Authenticated Reality launched its product, a browser called “The New Internet,” in private beta testing this week.
The browser essentially sits on top of every webpage its users visit, letting them authenticate stories they believe are real by placing their digital signature on them as an endorsement.
“With the latest plague of fake news, fake comments, fake advertising, fake everything, we know the time is right for this,” said Chris Ciabarra, co-founder and chief technology officer for Authenticated Reality. “Our platform puts power into the hands of the people to call out falsehoods and maliciousness on the internet. We’re doing this by ensuring all users in the community are real people who have been properly verified in order to be active on the platform.”
Here’s how it works: Users create an account on Authenticated Reality’s website by logging in with a social media account and scanning the barcode on their driver’s license.
When approved, users download the company’s browser onto their device and surf the web as they ordinarily would. Users can also rate and comment on every web page through a pop-up sidebar, which lets you see the actual identity of others who are commenting.
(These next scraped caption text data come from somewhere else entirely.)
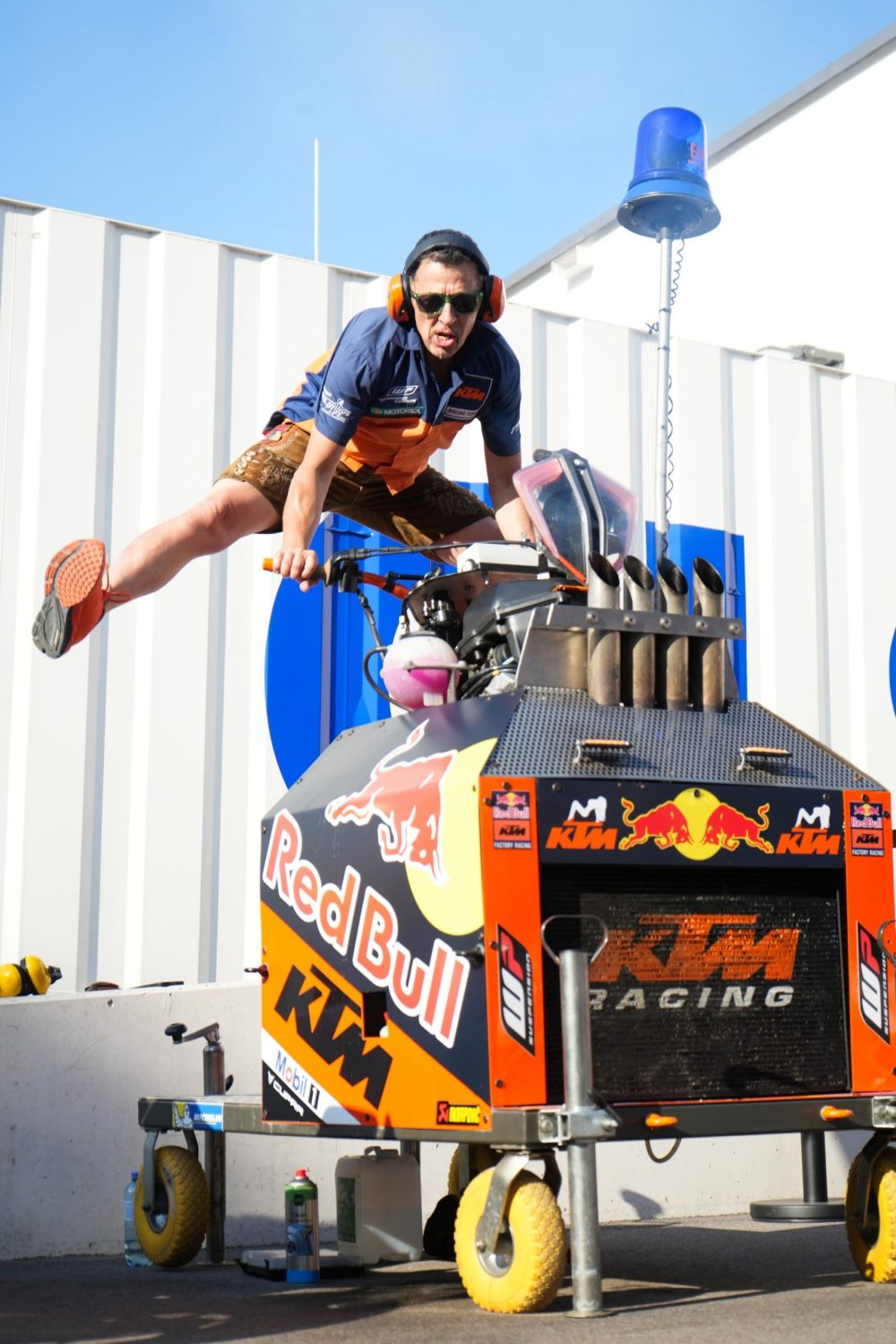 Soundmaschine mit KTM Motor und Besucher obendrauf beim AB Moto Sommerfest 2026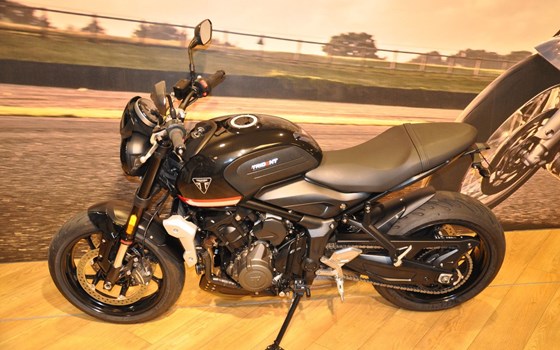 Gebrauchtmotorrad Triumph Trident 660 - Bild 5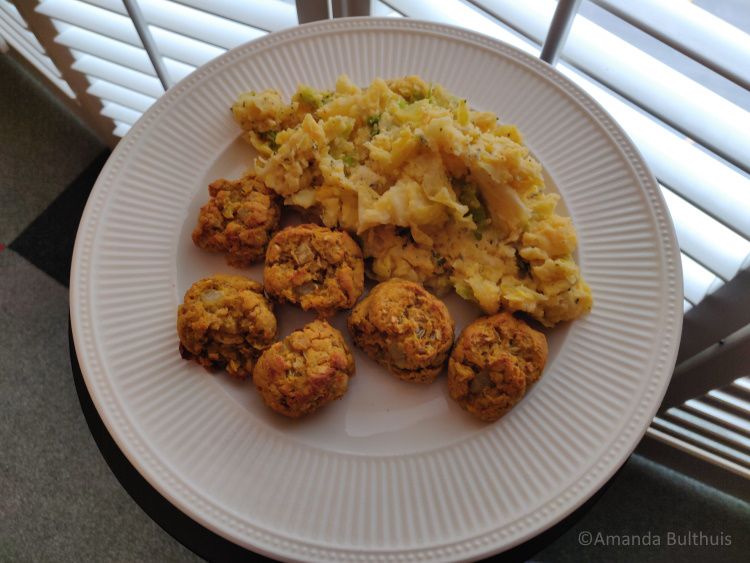 Stamppot Groen kool - Gele curry en linzenballetjes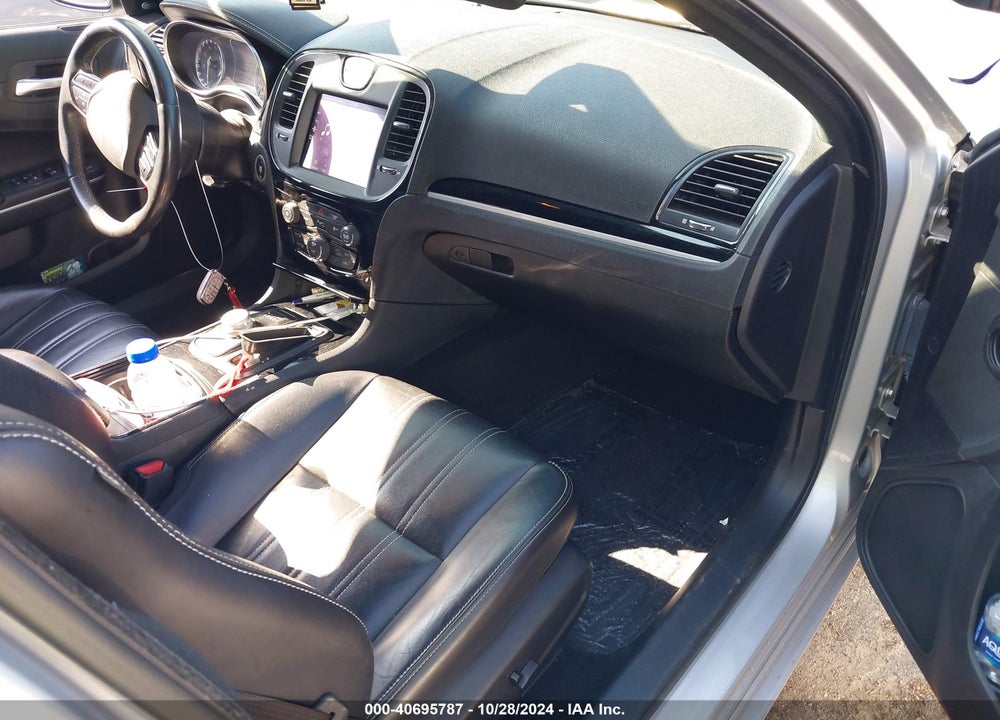 2022 CHRYSLER 300 S VIN: 2C3CCABG4NH116040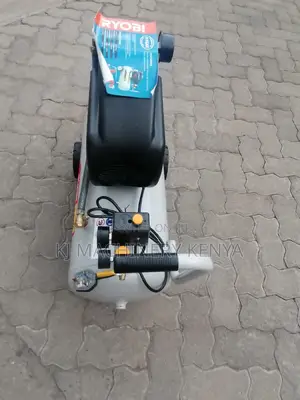 Electric Air Compressor-With 5 Piece Accesories-230v~50hz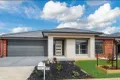 Property photo of 8 Goldeneye Circuit Werribee VIC 3030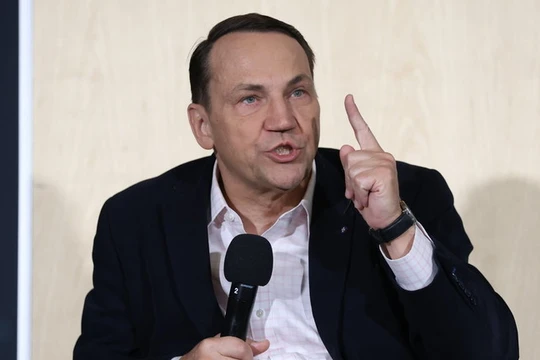 Ngoại trưởng Ba Lan Radoslaw Sikorski đáp trả gay gắt Elon Musk. Ảnh: Getty.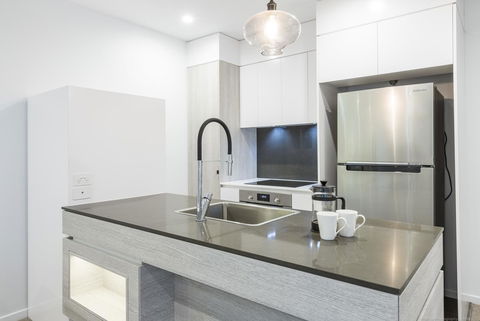 Boardwalk Burleigh Beach - Official - Accommodation Main Beach 38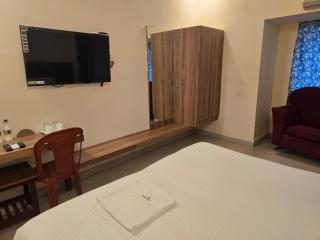 Hotel Gallexy Grand - 1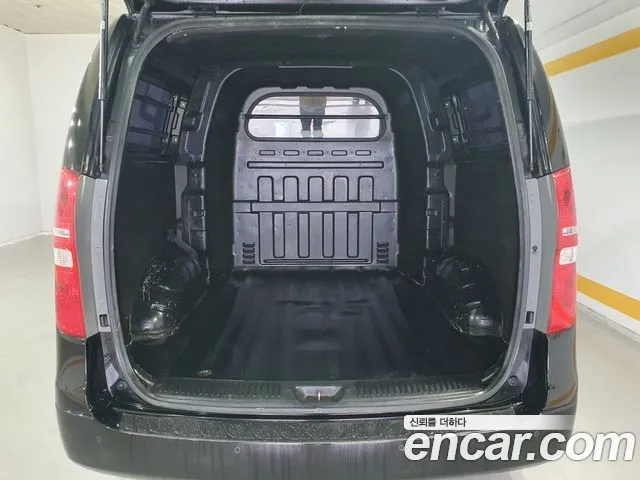 Hyundai Starex 2014 thumb 5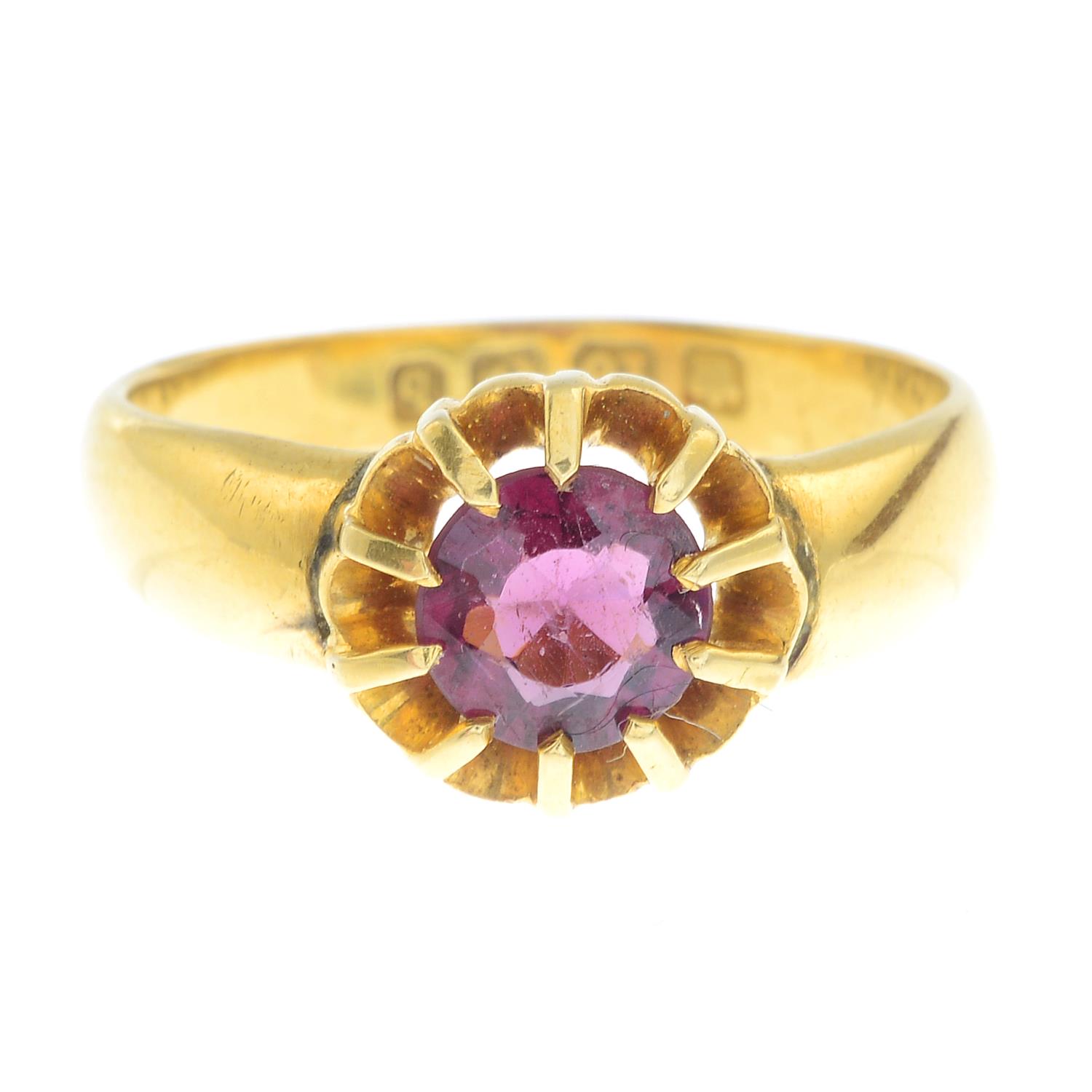 An Edwardian 18ct gold garnet single-stone ring.Hallmarks for Birmingham, 1901.Ring size P1/2.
Downloading the browser will cost $19.99 per user for personal accounts, according to the company’s website.
Authenticated Reality is also pursuing business and government customers. Pricing hasn’t been disclosed for those users, the company said.
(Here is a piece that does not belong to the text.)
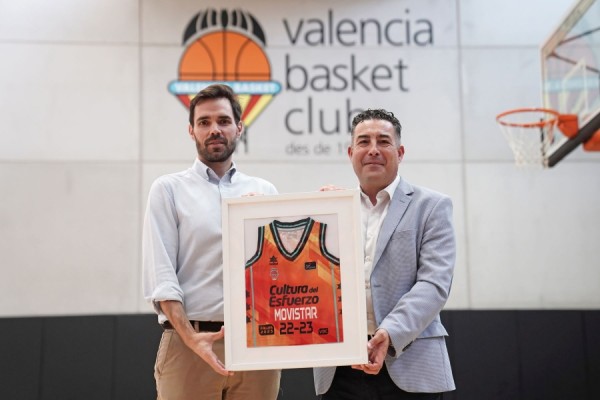 Movistar renueva como partner tecnológico del Valencia Basket
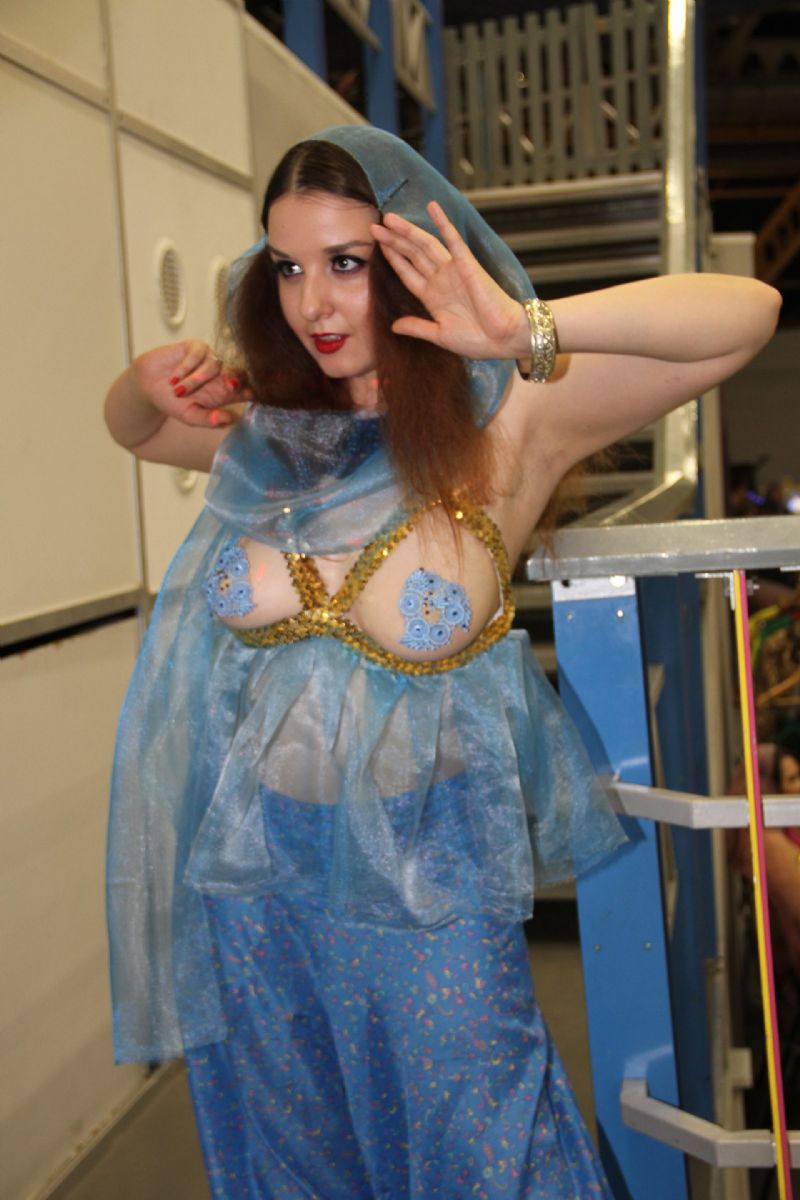 xShow����˹����չ����32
“All businesses need e-mail authentication. A lot of people are impersonating other people right now. It’s like ‘Is this person real who’s coming through my door or not?’ ” Ciabarra said. “Our email platform adds a layer of authenticity to all online business interactions.”
Prior to founding Authenticated Reality, Ciabarra was co-founder and chief technology officer of Revel, a San Francisco-based iPad point-of-sale startup. Ciabarra left Revel earlier this year, following a change in the company’s top management.
But Ciabarra said he was already laying the foundation for Authenticated Reality while still at Revel. He looked at cities including San Diego before choosing Austin for the company’s headquarters.
“In San Francisco, everybody already has a good job and it’s real hard to find talent,” he said. “I’ve been to Austin many times, and it seems to be a better place to run a startup.”
So far, Authenticated Reality has 12 employees at its offices at 600 Congress Ave. The company, which Ciabarra said has raised seed money from undisclosed investors, is hiring in engineering, marketing and finance.
As the company prepares to launch its browser to the public, among the challenges will be getting people to try it out, said co-founder and CEO Darin Andersen.
“A lot of people are sort of worn down by security, so it’s hard to put out yet another product,” he said. “But at a time when people are looking for something fresh, this is an opportunity for them to take their security back and control it themselves. We’re excited about that.”